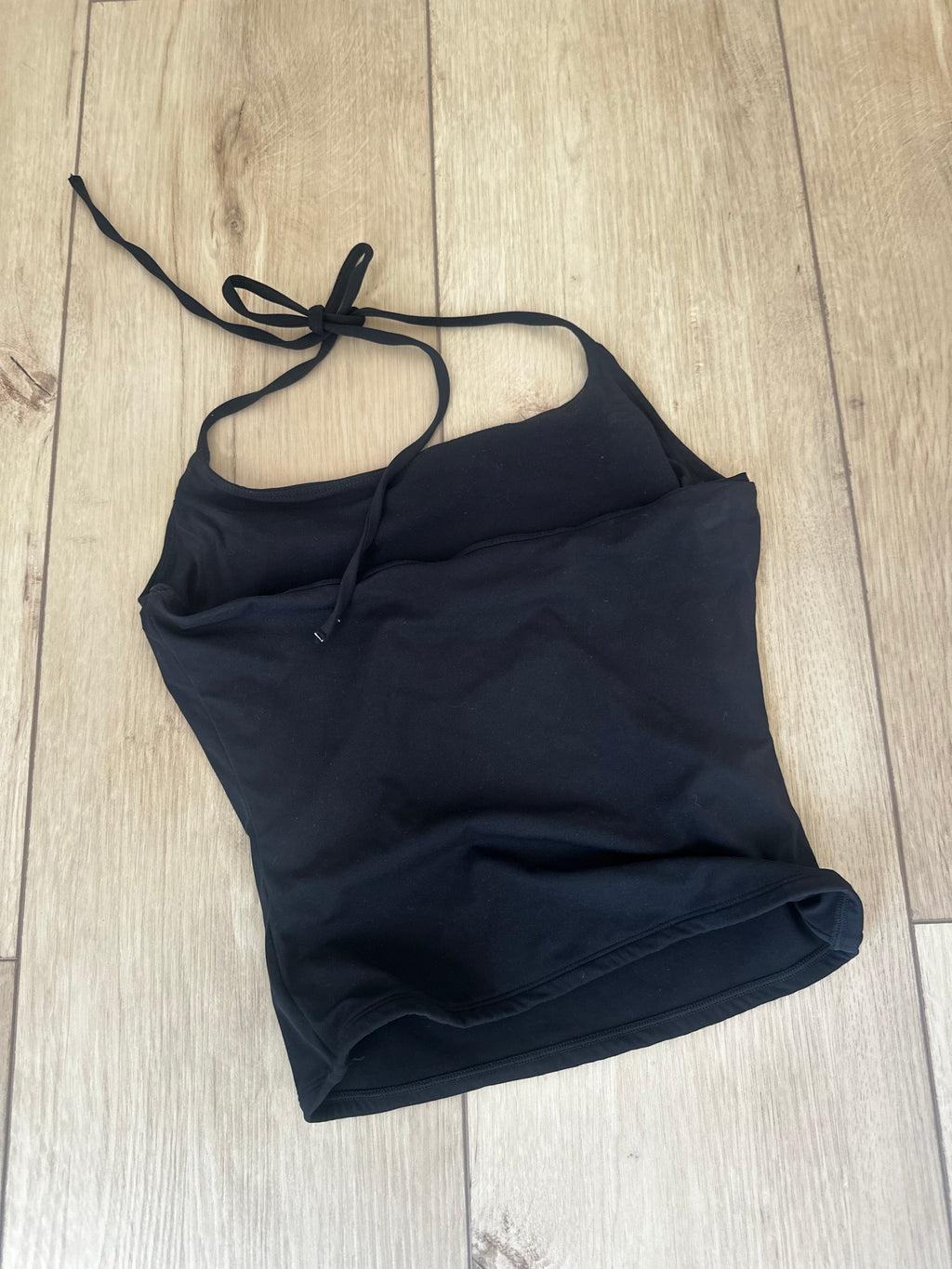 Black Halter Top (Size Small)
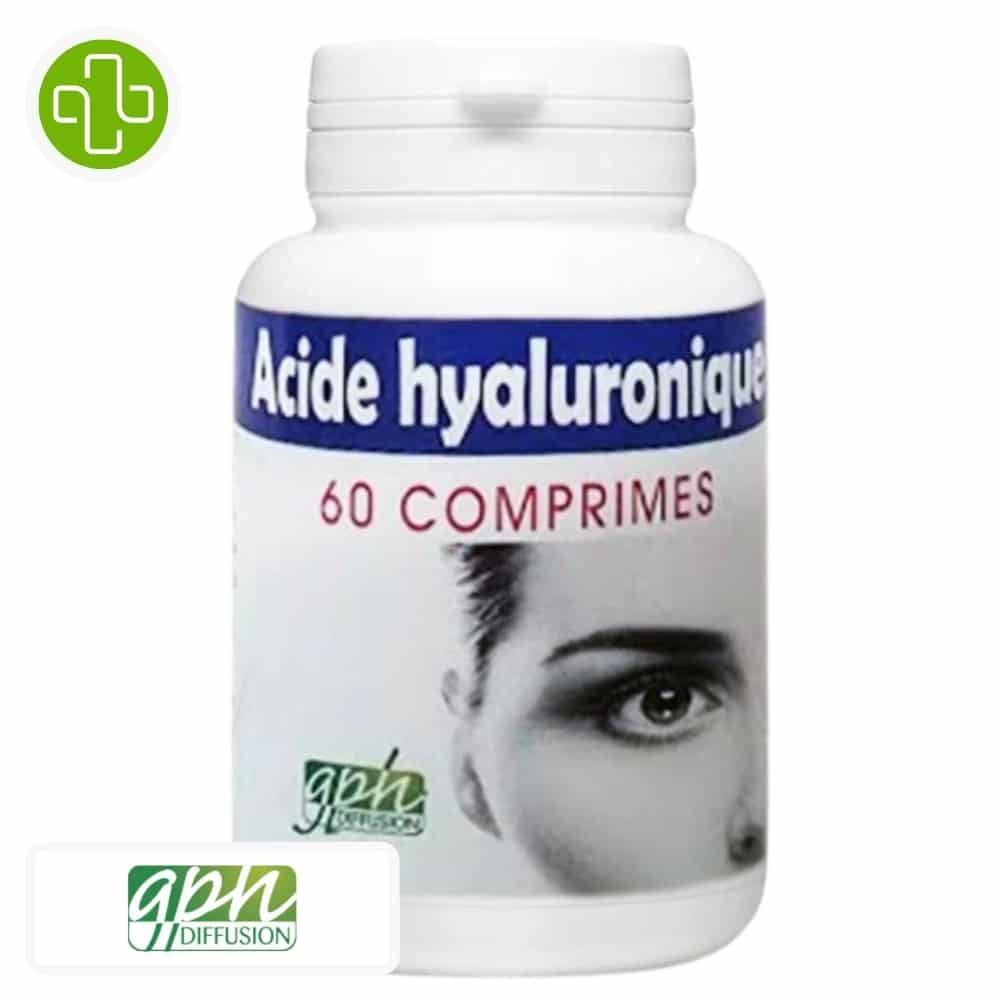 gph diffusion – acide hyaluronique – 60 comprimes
--
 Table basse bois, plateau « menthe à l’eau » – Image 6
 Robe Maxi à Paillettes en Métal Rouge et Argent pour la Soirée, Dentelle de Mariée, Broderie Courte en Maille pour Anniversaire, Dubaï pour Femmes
...
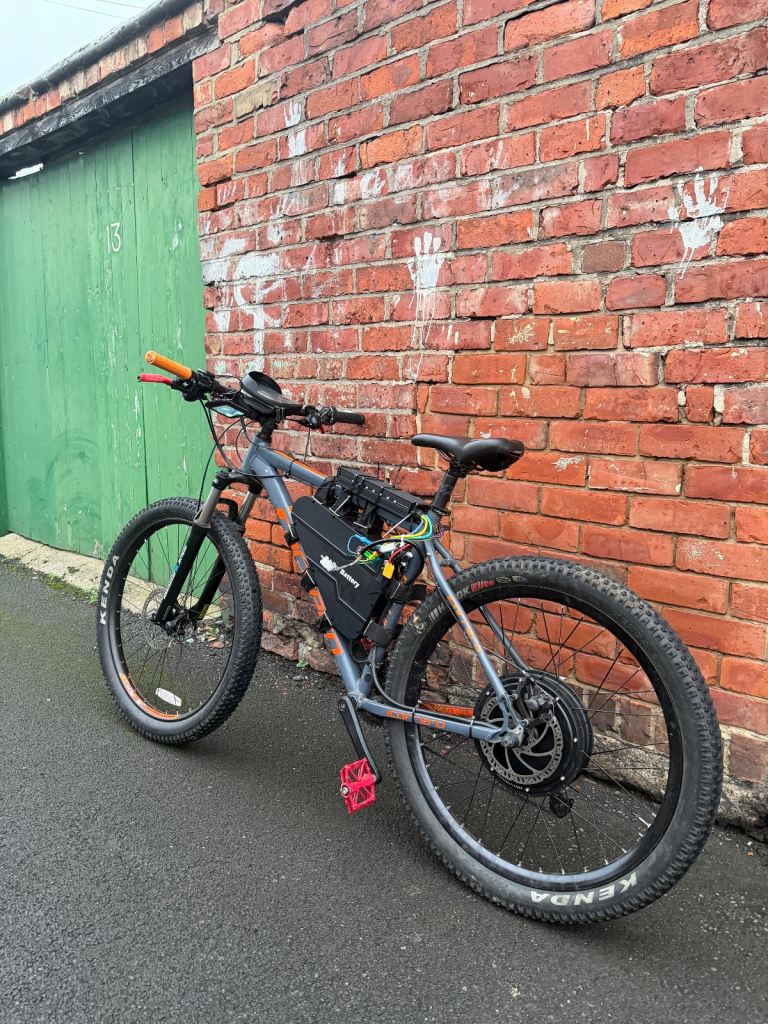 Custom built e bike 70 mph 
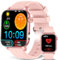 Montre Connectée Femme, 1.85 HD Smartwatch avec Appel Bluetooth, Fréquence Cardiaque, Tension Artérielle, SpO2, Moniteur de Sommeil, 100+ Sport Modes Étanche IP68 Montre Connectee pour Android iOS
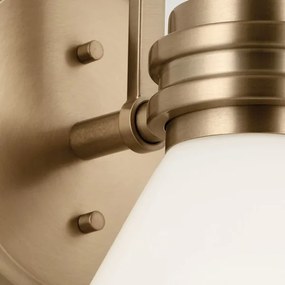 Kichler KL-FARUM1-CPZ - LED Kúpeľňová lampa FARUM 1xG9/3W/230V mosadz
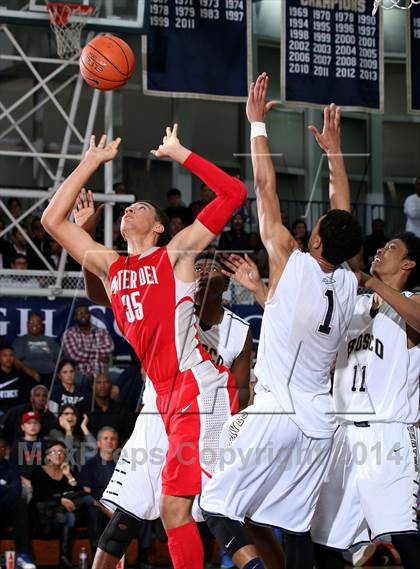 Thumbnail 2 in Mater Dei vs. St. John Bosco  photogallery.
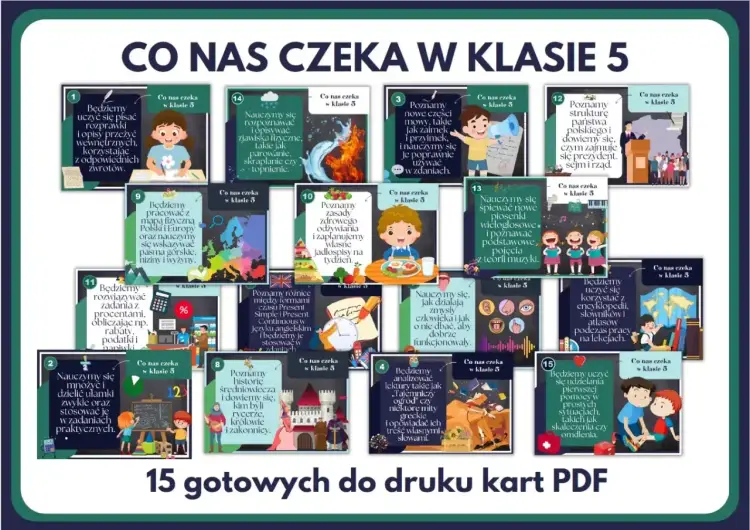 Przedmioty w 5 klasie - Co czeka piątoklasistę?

Activity: Using the listing above, copy exactly the line that contains "Table basse bois, plateau", the line that contains "Robe Maxi à", and each line that falls between them.

Response to the task:
 Table basse bois, plateau « menthe à l’eau » – Image 6
 Robe Maxi à Paillettes en Métal Rouge et Argent pour la Soirée, Dentelle de Mariée, Broderie Courte en Maille pour Anniversaire, Dubaï pour Femmes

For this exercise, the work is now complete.